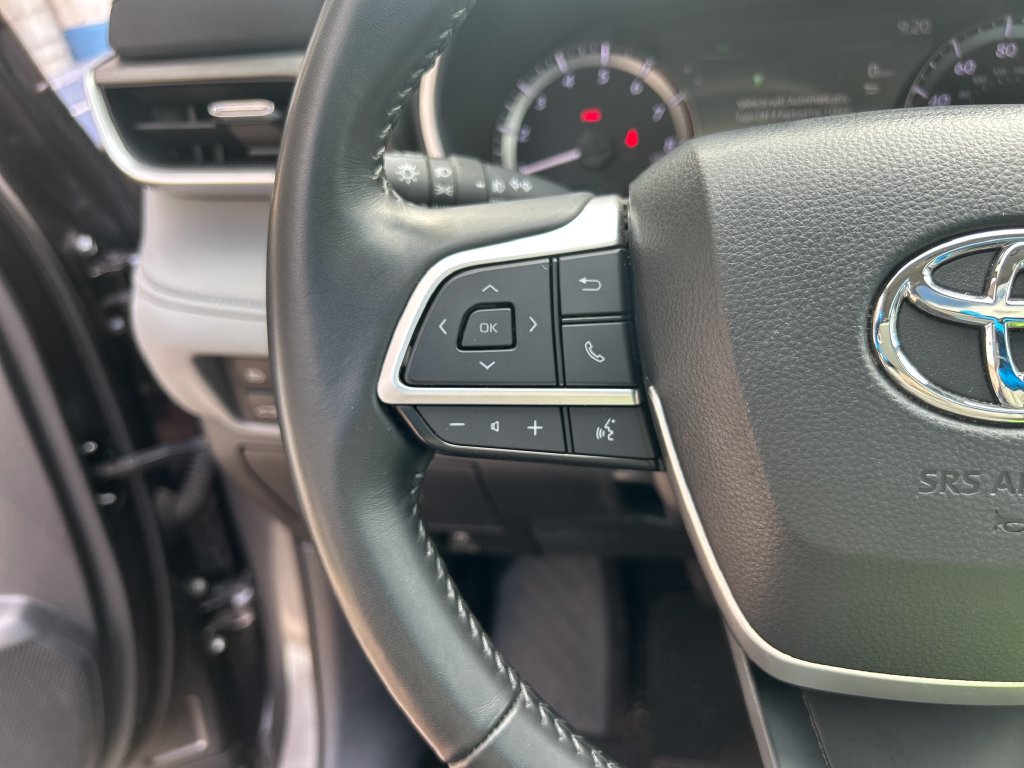 Used 2024 Toyota Highlander XLE FWD image 23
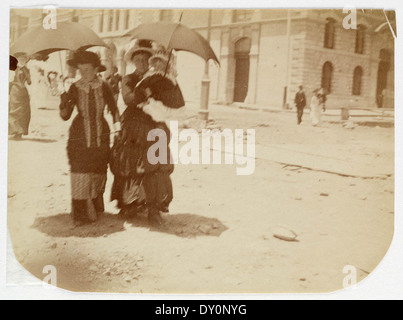 Scena di strada da Sydney, ca. 1885-1890 / fotografata da Arthur K. Syer Foto Stock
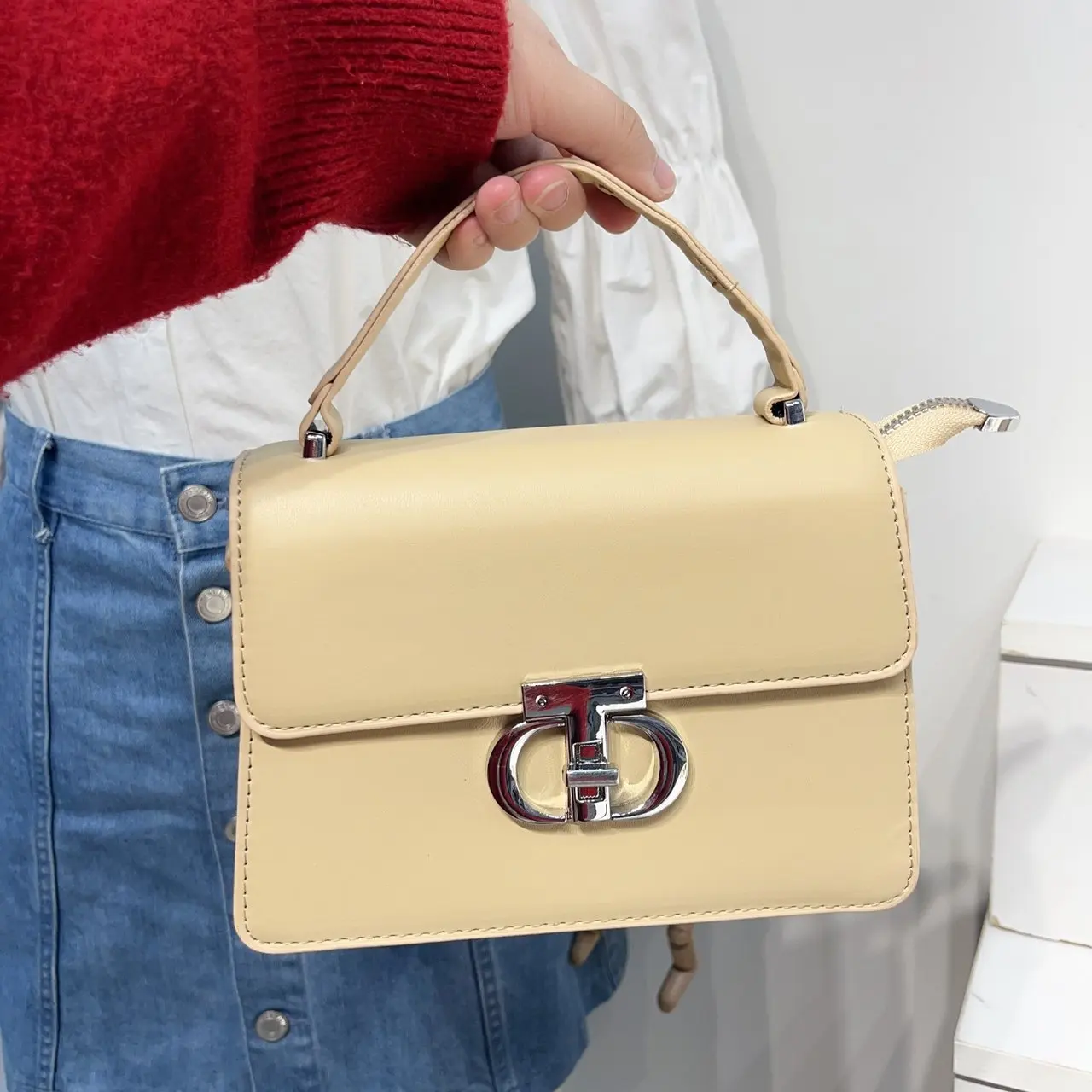 

Women's Luxury Leather Classic Crossbody Stylish Tote Designer Bag Elegant Shoulder Fashion Handbag For Daily Outings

→ What you have to do
Copy out the whole listing word for word, except for any picture it includes.

→ Task answer
 Used 2024 Toyota Highlander XLE FWD image 23
 Scena di strada da Sydney, ca. 1885-1890 / fotografata da Arthur K. Syer Foto Stock

Women's Luxury Leather Classic Crossbody Stylish Tote Designer Bag Elegant Shoulder Fashion Handbag For Daily Outings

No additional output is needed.